Pride oozing that we’ve finally reached Weaning Day. Classic first-time parent comments made: “How grown up she looks!” Energetic mum moves and the back-catalogue of previously hilarious noises made from behind the camera to get a smile for the obligatory photoshoot. (For the record, clicking was the winner on this occasion, but only after some extremely straight 'what on earth are you doing?' looks for 'zzz', raspberry blowing and a host of leaps, jazz hands, peekaboo games and renditions of 'Row, row, row the boat', all performed with a big fixed cheesy grin. I sit down exhausted.)
A choice of vegetable sticks laid out beautifully on the highchair tray (carefully disinfected to the nth degree for its big debut). Pureed carrot on standby as part of the chosen two-pronged approach (nothing like sitting on the fence). Excitement palpable in the room. The first taste of real food.
“Have your baby sit with you for meals” the books said.
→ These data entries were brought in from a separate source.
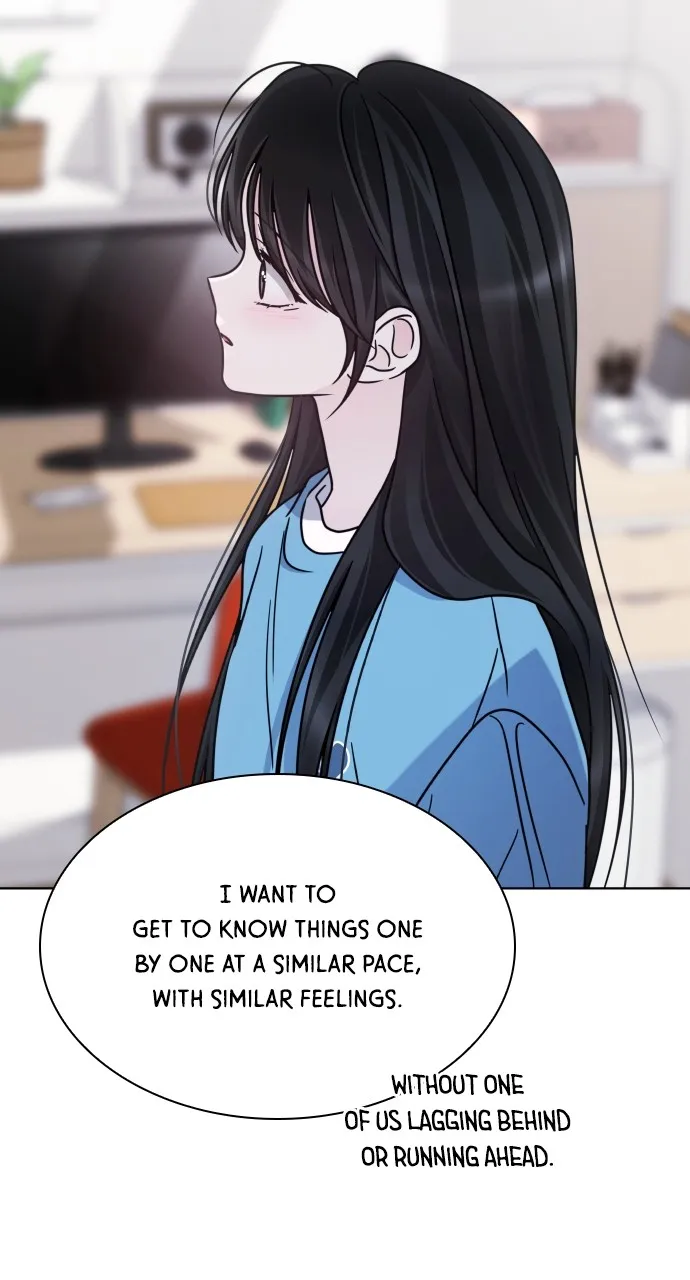 A Kiss Before I Sleep Chapter 22 page 36 - 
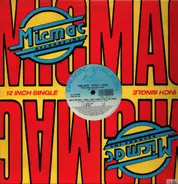 Nelson 'FFWD' Cruz Featuring Richard Rose And Camille - What's The Need? = Work It, Jerk It, Move It, Feel It, Do It Right!
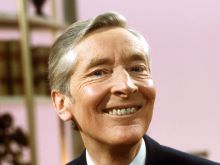 Kenneth Williams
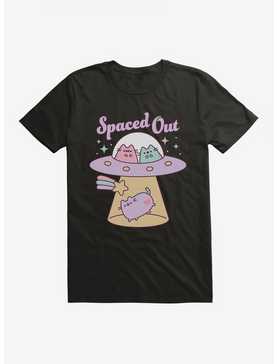 Pusheen Spaced Out T-Shirt, , hi-res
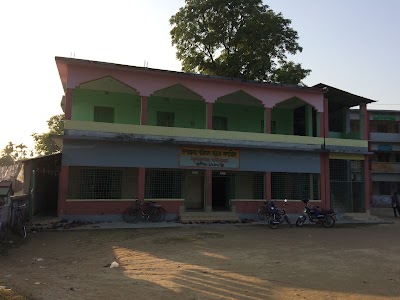 Photos of উপজেলা পরিষদ জামে মসজিদ, সুন্দরগঞ্জ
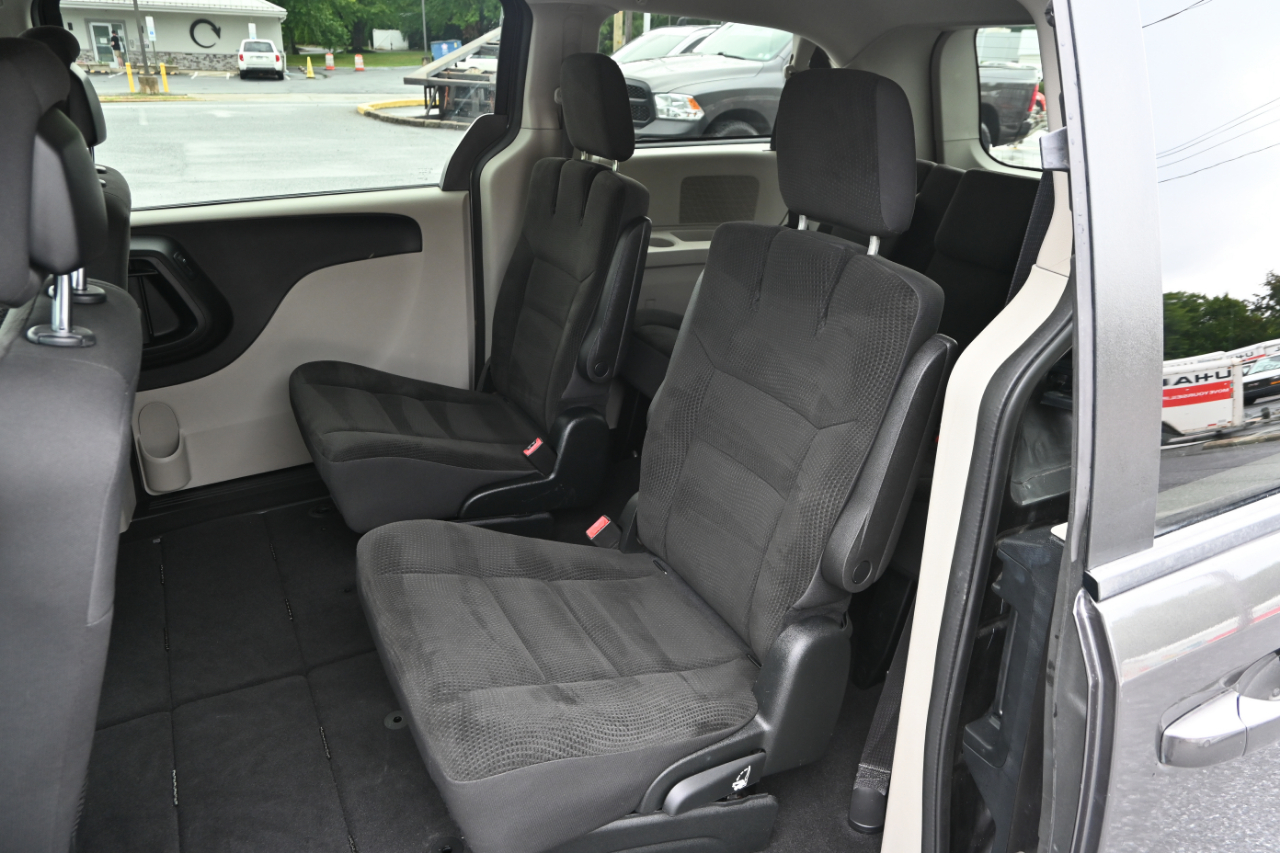 Dodge Grand Caravan SE Wagon 2017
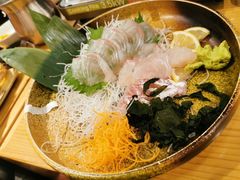 -ジャンボ釣船 つり吉(新世界店)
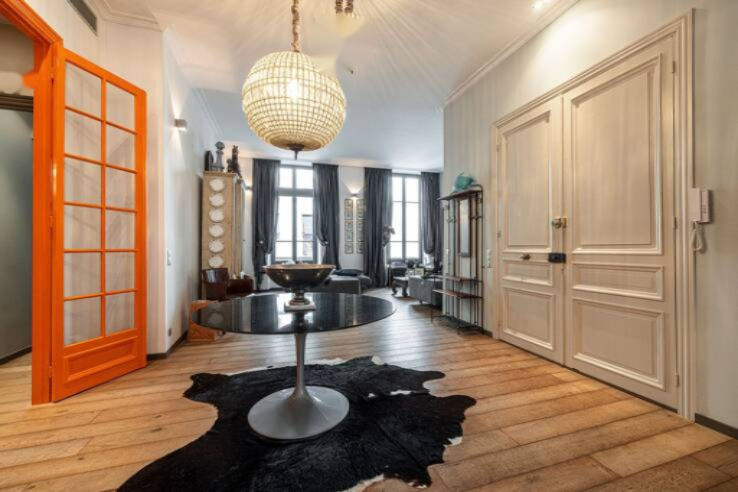 Квартира в Каннах, Франция, 140 м² - фото 1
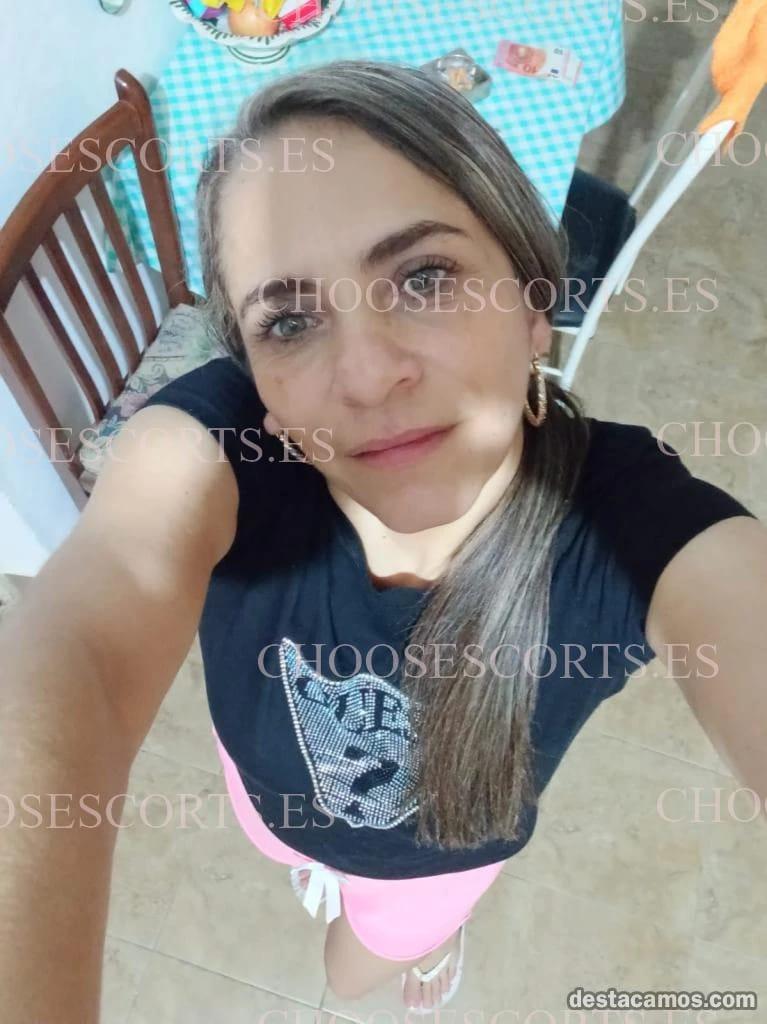 Chica busca chico en Córdoba: 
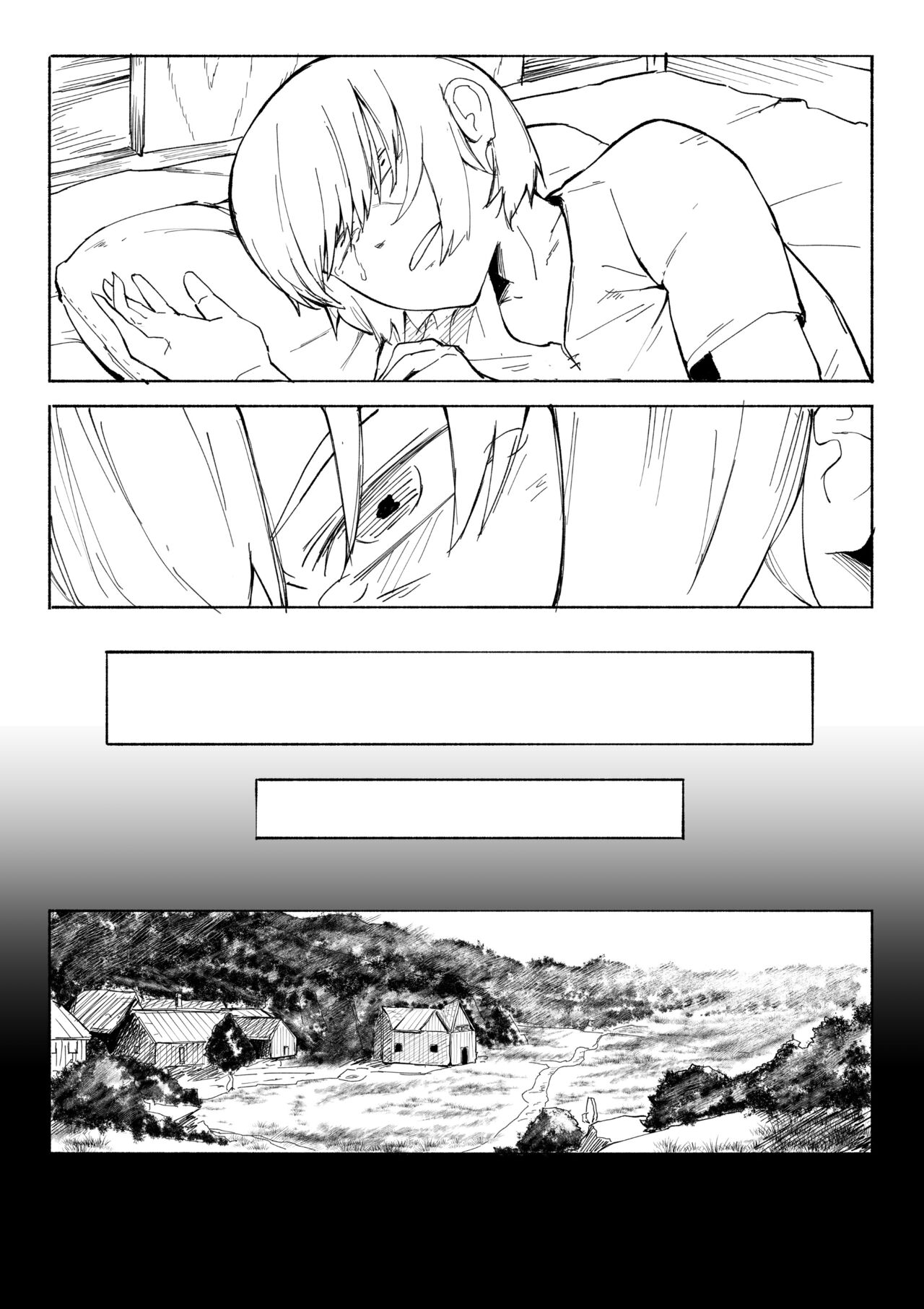 [Wakabatei] Iinazuke ga NTR retakara bouken-sha ni natta 画像番号 21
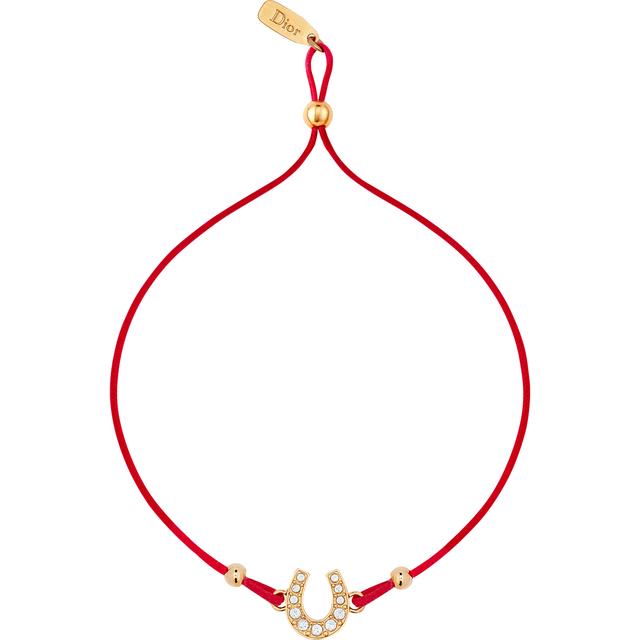 画像: ブレスレット¥60,000/ディオール COURTESY OF DIOR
Keep it natural: yes I can see the logic in that. (Fat lot of good it is when she naps over lunch and is in bed by dinner). We both sit chomping on our own mushy carrot sticks making loud ‘mmm’ noises. Nothing like some subtle encouragement. All completely normal behaviour, of course, for 10:30 on a Saturday morning.
She sits and watches. “Avoid the temptation to pick the food up and put it to your baby’s mouth” says the baby-led weaning book in my head. Sitting on my hands, grimacing, I muster all my self-restraint. “Why won’t she even pick the bloody things up, she grabs at everything else in reach?!” the voice in my head screams. I watch her like a hawk out of one half-open eye, willing her on. Nothing. She watches the tree out of the window.
She glances at her highchair tray. Her hand slowly closes around some butternut squash. “Yes!!!” My heart flutters in excitement. She shivers at the feel and drops it over the edge. She instead locates the fascinating wash label on her bib, studies it closely, and gives it a good suck. Five minutes in, game over. 10:35am: normal business resumes. And that was that. The definition of anti-climax.
A word of advice to anyone embarking on weaning: expect nothing to happen on the first day. Or the second. In fact, for the first two or three weeks. Expect food to be ignored in preference for anything else to hand (particularly baby wipes, optimistically poised for the aftermath). Expect to exaggerate pretend eating. Expect to mop the floor several times a day. Eventually some will go in, I promise, and at that moment you’ll have your heart in your mouth for fear of choking, wishing with every bone in your body that your baby had just dropped the food straight on the floor like every other day.